Legambiente contro il rigassificatore di Gioia: Portarlo significa condannare la Calabria

«Portare in Calabria un nuovo rigassificatore vuol dire condannare la Calabria e l’Italia alla dipendenza energetica da altri Paesi, e a non raggiungere gli obiettivi climatici». È quanto ha ribadito, nuovamente, Legambiente Calabria in merito al rigassificatore di Gioia Tauro, sottolineando come «sul tema dell’energia il presidente della Regione Roberto Occhiuto ha idee antiquate e inadatte a rispondere alle sfide ambientali, climatiche e sociali che stiamo attraversando».

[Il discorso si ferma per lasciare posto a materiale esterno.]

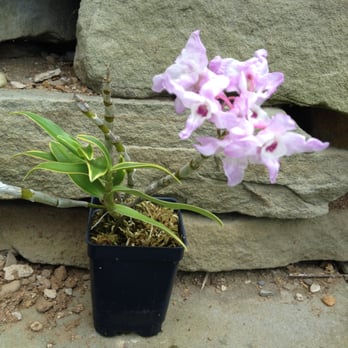 New World Orchids - Dendrobium moniliforme - Nurseries & Gardening Near Me - Manchester, Michigan New World Orchids - Dendrobium moniliforme - Nurseries & Gardening Near Me - Manchester, Michigan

«Il presidente Occhiuto – si legge nella nota dell’Associazione – continua a parlare del rigassificatore di Gioia Tauro come di un’opera “importante e strategica per il Mezzogiorno” al punto da richiedere un intervento diretto della presidente del Consiglio Giorgia Meloni».

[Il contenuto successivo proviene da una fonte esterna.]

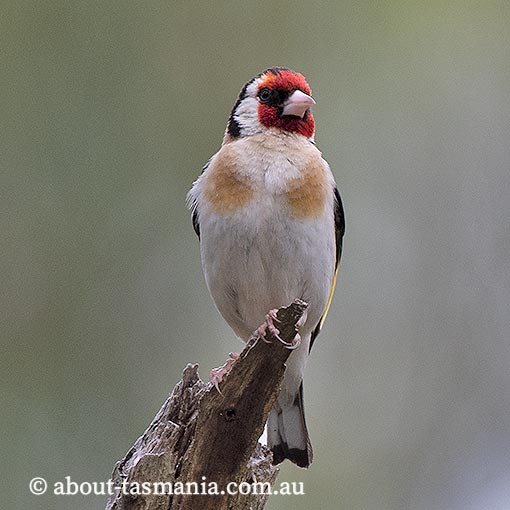European Goldfinch, Carduelis carduelis, Tasmania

«L’impianto di Gioia Tauro avrebbe, come gli altri impianti di questo tipo, negli intenti – si legge – la diversificazione delle fonti di approvvigionamento energetico del Paese dopo le sanzioni alla Russia conseguenti alla guerra in Ucraina.  Una motivazione già questa errata perché è illogico realizzare rigassificatori per liberare l’Italia dal ricatto del gas russo comprando il gas da Paesi spesso politicamente instabili come Egitto, Algeria, Libia, Congo, Angola oppure dagli Usa che estraggono il gas con il processo di fracking, la fratturazione idraulica delle rocce che può potenzialmente contaminare le falde acquifere ed aumentare le emissioni in atmosfera perché rilascia metano ed agenti tossici».

«Nello specifico, l’impianto di Gioia Tauro, che è, allo stato attuale – viene ricordato – bloccato da un decennio, costerebbe oltre un miliardo di euro e richiederebbe svariati anni per la sua costruzione che avverrebbe, tra l’altro, in una zona indicata ad alta pericolosità sismica. Si tratterebbe di un impianto particolarmente impattante sotto il profilo ambientale trattandosi di un impianto on shore che ricoprirebbe un’area di circa 47 ettari ricadente nei comuni di Gioia Tauro, San Ferdinando e Rosarno e dovrebbe riportare allo stato gassoso 12 miliardi di metri cubi all’anno di combustibile, reso liquido per il trasporto in navi cisterna per il cui attracco sarà realizzata un’apposita piattaforma di scarico a 500 metri circa dalla costa».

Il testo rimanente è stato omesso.